PROVIDED ENTRIES:
*** Block opens ***
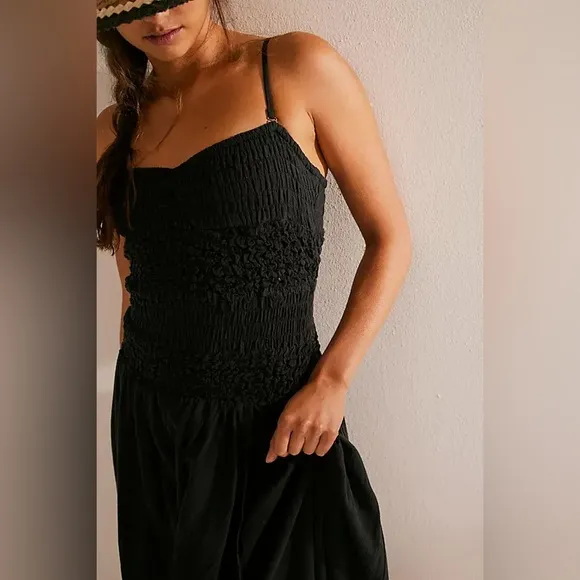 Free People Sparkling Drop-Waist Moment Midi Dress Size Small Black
*** Block closes ***
*** Block opens ***
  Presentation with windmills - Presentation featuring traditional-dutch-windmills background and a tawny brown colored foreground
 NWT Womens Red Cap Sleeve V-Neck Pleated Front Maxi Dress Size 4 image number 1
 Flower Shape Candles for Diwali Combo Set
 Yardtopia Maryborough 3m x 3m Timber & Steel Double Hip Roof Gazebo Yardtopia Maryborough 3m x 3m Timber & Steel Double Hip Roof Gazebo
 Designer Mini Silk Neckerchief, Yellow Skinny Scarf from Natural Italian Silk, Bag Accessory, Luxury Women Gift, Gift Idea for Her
*** Block closes ***
EXERCISE:
Set down, unchanged, only those lines above that fall between the line with "Roof Gazebo Yardtopia" and the line with "Designer Mini Silk", the two end lines included.

ANSWER TO THE EXERCISE:
 Yardtopia Maryborough 3m x 3m Timber & Steel Double Hip Roof Gazebo Yardtopia Maryborough 3m x 3m Timber & Steel Double Hip Roof Gazebo
 Designer Mini Silk Neckerchief, Yellow Skinny Scarf from Natural Italian Silk, Bag Accessory, Luxury Women Gift, Gift Idea for Her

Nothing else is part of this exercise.